WHAT IS REQUIRED. Go to the line in the entries below that holds "Blazer in Tan Herringbone Wool" and repeat exactly from there through the line that holds "Homewish Bagger Bettwäsche", inclusive.

=== PROVIDED DATA ===

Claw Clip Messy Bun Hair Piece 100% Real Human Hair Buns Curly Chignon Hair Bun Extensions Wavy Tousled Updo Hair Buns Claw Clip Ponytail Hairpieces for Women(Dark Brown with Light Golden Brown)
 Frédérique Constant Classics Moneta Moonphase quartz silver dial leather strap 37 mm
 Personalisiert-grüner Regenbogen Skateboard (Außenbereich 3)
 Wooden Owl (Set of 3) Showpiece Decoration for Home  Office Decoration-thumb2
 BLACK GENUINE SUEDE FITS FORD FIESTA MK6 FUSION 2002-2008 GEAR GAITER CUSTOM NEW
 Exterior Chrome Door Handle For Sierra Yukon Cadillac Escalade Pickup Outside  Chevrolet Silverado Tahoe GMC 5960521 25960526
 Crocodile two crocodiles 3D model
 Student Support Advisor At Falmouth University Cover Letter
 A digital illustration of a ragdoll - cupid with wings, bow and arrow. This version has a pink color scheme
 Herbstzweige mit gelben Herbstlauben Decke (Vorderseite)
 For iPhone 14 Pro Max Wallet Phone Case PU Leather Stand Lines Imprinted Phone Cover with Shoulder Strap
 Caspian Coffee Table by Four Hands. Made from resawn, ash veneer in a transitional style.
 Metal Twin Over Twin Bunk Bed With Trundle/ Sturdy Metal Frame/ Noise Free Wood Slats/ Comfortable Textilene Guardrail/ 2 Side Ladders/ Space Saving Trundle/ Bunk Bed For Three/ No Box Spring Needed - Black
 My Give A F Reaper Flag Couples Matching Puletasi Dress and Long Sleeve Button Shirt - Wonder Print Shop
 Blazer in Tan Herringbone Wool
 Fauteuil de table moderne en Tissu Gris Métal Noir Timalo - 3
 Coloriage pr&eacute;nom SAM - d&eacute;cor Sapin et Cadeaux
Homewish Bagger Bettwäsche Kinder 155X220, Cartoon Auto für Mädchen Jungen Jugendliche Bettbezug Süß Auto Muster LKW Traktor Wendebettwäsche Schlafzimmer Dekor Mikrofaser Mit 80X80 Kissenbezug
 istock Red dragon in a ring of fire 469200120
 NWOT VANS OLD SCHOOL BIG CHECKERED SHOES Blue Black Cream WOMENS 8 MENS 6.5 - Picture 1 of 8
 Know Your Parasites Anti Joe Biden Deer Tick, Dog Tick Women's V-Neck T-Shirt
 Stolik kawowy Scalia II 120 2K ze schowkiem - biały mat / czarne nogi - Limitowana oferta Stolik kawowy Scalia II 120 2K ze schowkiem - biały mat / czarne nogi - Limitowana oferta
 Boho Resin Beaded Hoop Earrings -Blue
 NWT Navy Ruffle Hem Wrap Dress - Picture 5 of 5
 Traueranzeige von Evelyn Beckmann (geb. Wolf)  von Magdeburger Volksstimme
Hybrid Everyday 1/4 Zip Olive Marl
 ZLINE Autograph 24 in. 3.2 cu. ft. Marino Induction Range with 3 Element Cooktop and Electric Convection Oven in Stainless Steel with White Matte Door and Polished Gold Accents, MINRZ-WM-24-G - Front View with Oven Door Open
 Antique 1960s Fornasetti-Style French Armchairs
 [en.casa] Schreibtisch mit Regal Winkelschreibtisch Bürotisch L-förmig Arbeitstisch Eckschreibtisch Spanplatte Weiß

===

RESULT.
 Blazer in Tan Herringbone Wool
 Fauteuil de table moderne en Tissu Gris Métal Noir Timalo - 3
 Coloriage pr&eacute;nom SAM - d&eacute;cor Sapin et Cadeaux
Homewish Bagger Bettwäsche Kinder 155X220, Cartoon Auto für Mädchen Jungen Jugendliche Bettbezug Süß Auto Muster LKW Traktor Wendebettwäsche Schlafzimmer Dekor Mikrofaser Mit 80X80 Kissenbezug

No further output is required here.